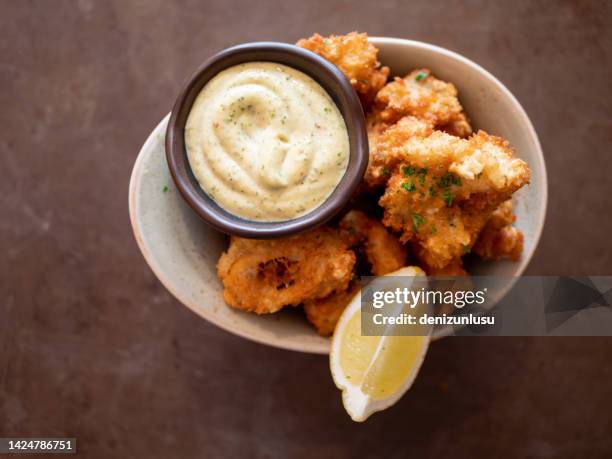 deep fried calamar anillos - deep fried fotografías e imágenes de stock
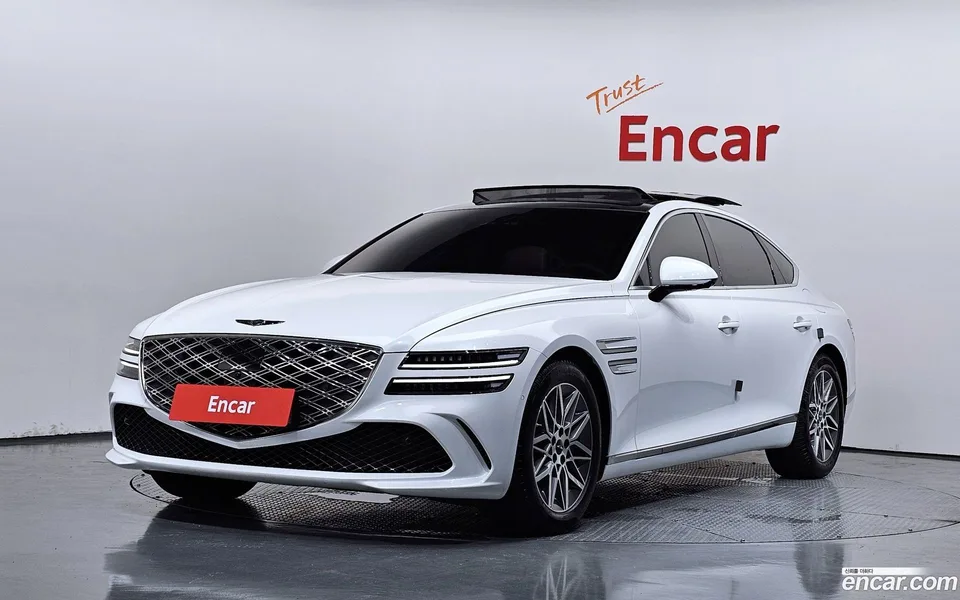 Genesis G80 2.5 AWD 2024 — photo 1, buy with delivery to Moscow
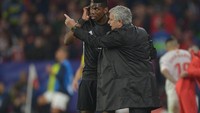 Mourinho pernah menyebut Paul Pogba sebagai virus yang tidak bisa bermain dalam satu tim. Setelah era Mou, Pogba memang sulit berkembang dan dinilai belum juga memuaskan sampai kontraknya akan habis pada musim panas Juni nanti (Getty Images)
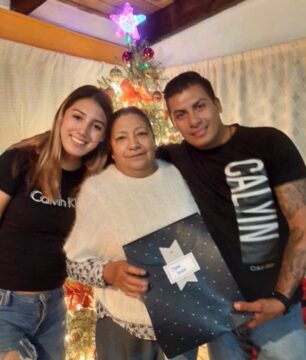 Imágenes para rendir homenaje a persona finada, estas pueden variar en su contenido.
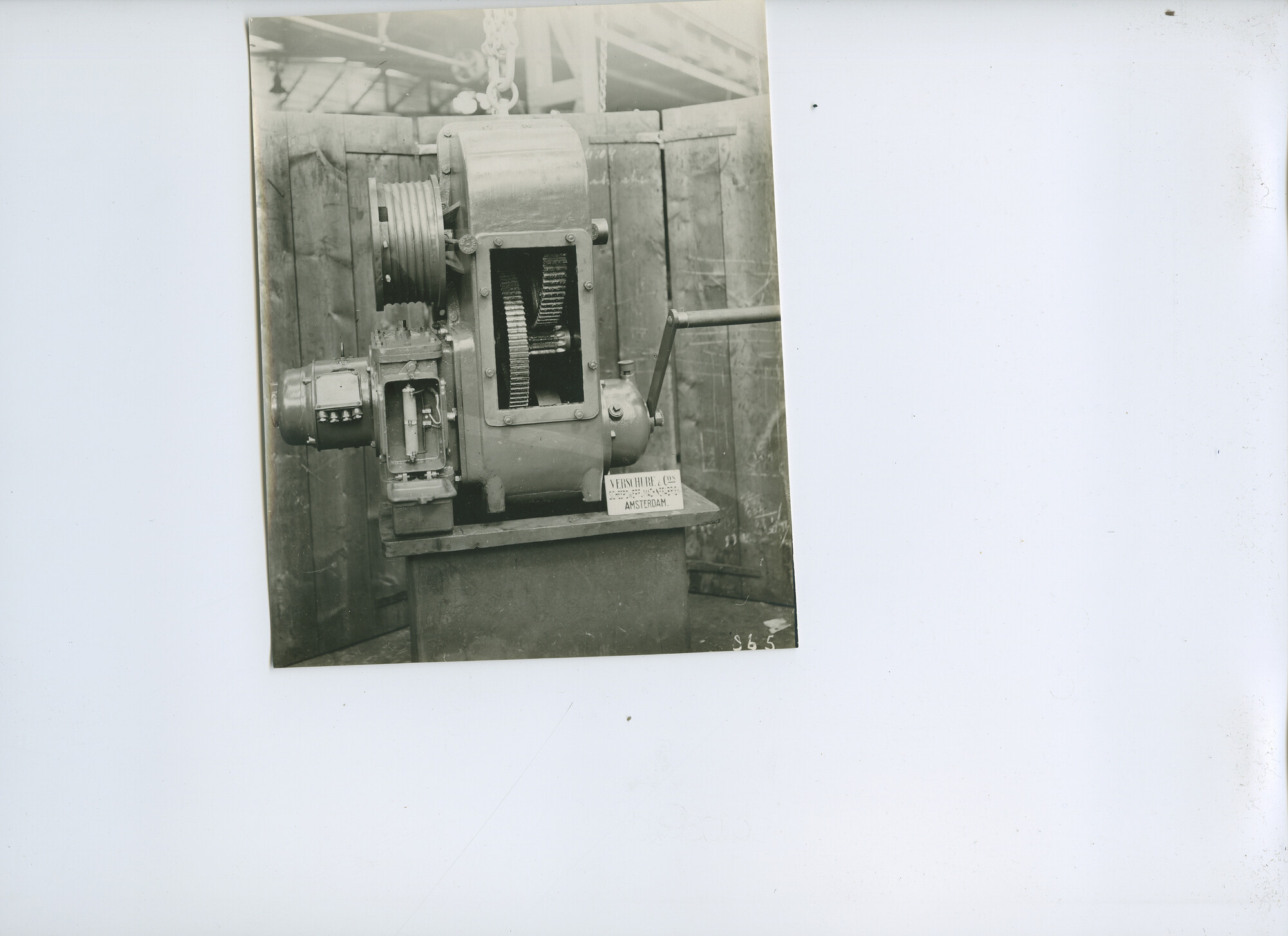 S.6386(114)0032; Foto van graanelevator, muurlier met motor (deksel afgenomen); foto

§ **Exercise requirements**
Only the lines from the one containing "Genesis G80 2.5" through the final line of the listing should be reproduced, exactly and with no pictures.

§ **Response for this exercise**
 Genesis G80 2.5 AWD 2024 — photo 1, buy with delivery to Moscow
 Mourinho pernah menyebut Paul Pogba sebagai virus yang tidak bisa bermain dalam satu tim. Setelah era Mou, Pogba memang sulit berkembang dan dinilai belum juga memuaskan sampai kontraknya akan habis pada musim panas Juni nanti (Getty Images)
 Imágenes para rendir homenaje a persona finada, estas pueden variar en su contenido.
 S.6386(114)0032; Foto van graanelevator, muurlier met motor (deksel afgenomen); foto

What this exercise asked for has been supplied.